The second stanza shifts to surreal, apocalyptic imagery: a "seven-colored river," "five-colored sky," and "foaming sea" where "fish drown." This unnatural landscape is populated by a "one-eyed beast" and a "two-headed infant," under a "red star" illuminating a "bald mountain." The pervasive sense of desolation is amplified by the line, "亡骸の還るべき 大地も無い" (There is no earth for the remains to return to), emphasizing a complete severance from natural order and belonging.
The core of the song’s plea lies in the narrator’s desperate appeal to the "birds" and the "sky." The narrator asks the birds, "鳥よ まだ飛ぶ空が 残っているなら 迎えに来て" (Birds, if there is still sky to fly in, come and get me), wanting them to "peck and gather" their "severed body and history." This desire for the birds to consume them suggests a wish for dissolution, a release from a broken existence where even their "soul has no cycle of reincarnation" to return to. The imagery of "繋がれた脚 捥がれた手首" (bound legs, torn-off wrists) and a "future thinned out" speaks to a profound sense of being incapacitated and having potential extinguished.

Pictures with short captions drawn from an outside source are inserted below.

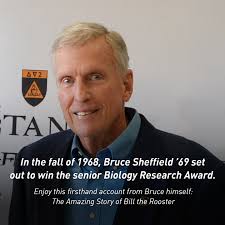 At Doane, we believe in hands-on learning—and sometimes that means getting  your hands a little dirty… or feathery. In the fall of 1968, Bruce  Sheffield '69 set out to win the senior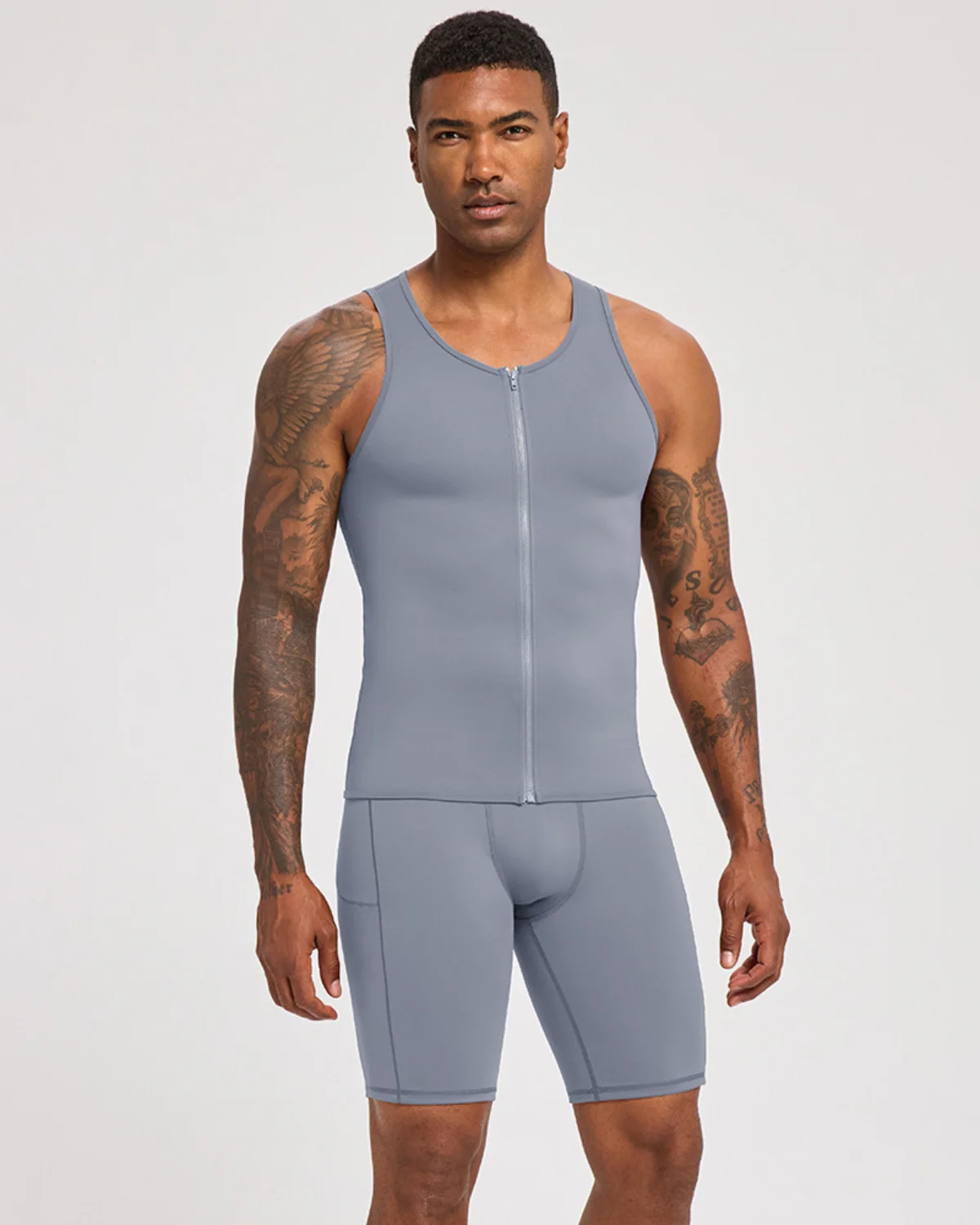 Men's Activewear Set MS02 in Grey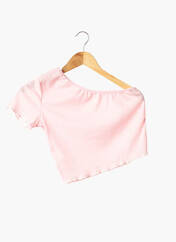 T-shirt rose SANS MARQUE pour femme seconde vue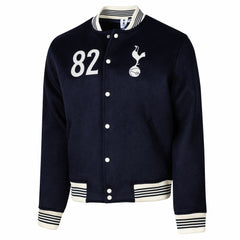 Tottenham Hotspur Sport Design Sweden Free Kick Wool Varsity Jacket Navy - FIFA World CUP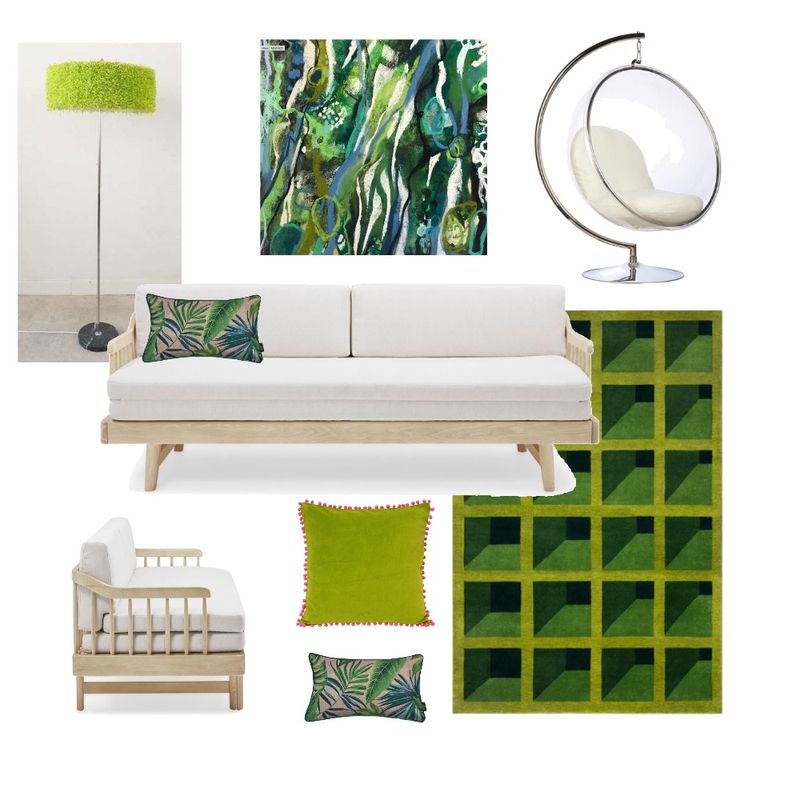 End of Living Room Mood Board by Sarah Keeys. Interior Design on Style Sourcebook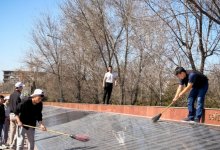 Партия AMANAT запустила масштабную акцию по благоустройству памятников к 80-летию Великой Победы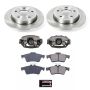 PowerStop KCOE123A OE Stock Replacement Low-Dust Ceramic Brake Pad, Rotor and Caliper Kit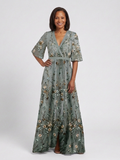 grace | floral v-neck maxi dress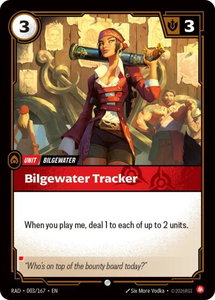 Bilgewater Tracker - Radiance (RAD) #003/167 - Common Riftbound Trading Card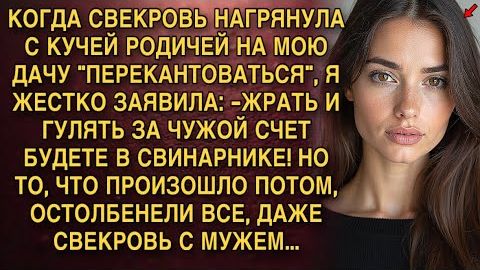 -ЖРАТЬ И ГУЛЯТЬ ЗА ЧУЖОЙ СЧЕТ БУДЕТЕ В СВИНАРНИКЕ! НО ТО, ЧТО ПРОИЗОШЛО ПОТОМ, ОСТОЛБЕНЕЛИ ВСЕ... смотреть онлайн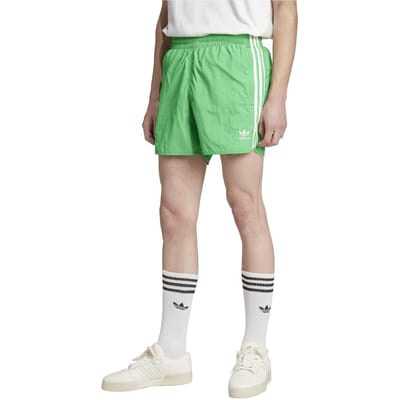 Adidas Originals Unisex Adicolor Classics Sprinter Shorts Maat: S | Korte Broeken Outlet | Unisex | Groen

The lyrics masterfully use contrasting elements and stark imagery to convey a sense of profound loss and existential despair. The initial violent pronouncements give way to a plea for oblivion, highlighting a complete breakdown of societal and personal order. The final lines, "空よ まだ飛ぶ鳥が あるなら 私を連れていけ" (Sky, if there are still birds to fly, take me with you), and the mention of a "three-legged crow" that has forgotten the narrator, underscore a deep isolation. This feeling of being forgotten, even by mythical or symbolic creatures, makes the narrator's desire for the birds to carry them away all the more poignant, a final, desperate act of seeking an end to suffering in a world that has rendered them history-less and disconnected.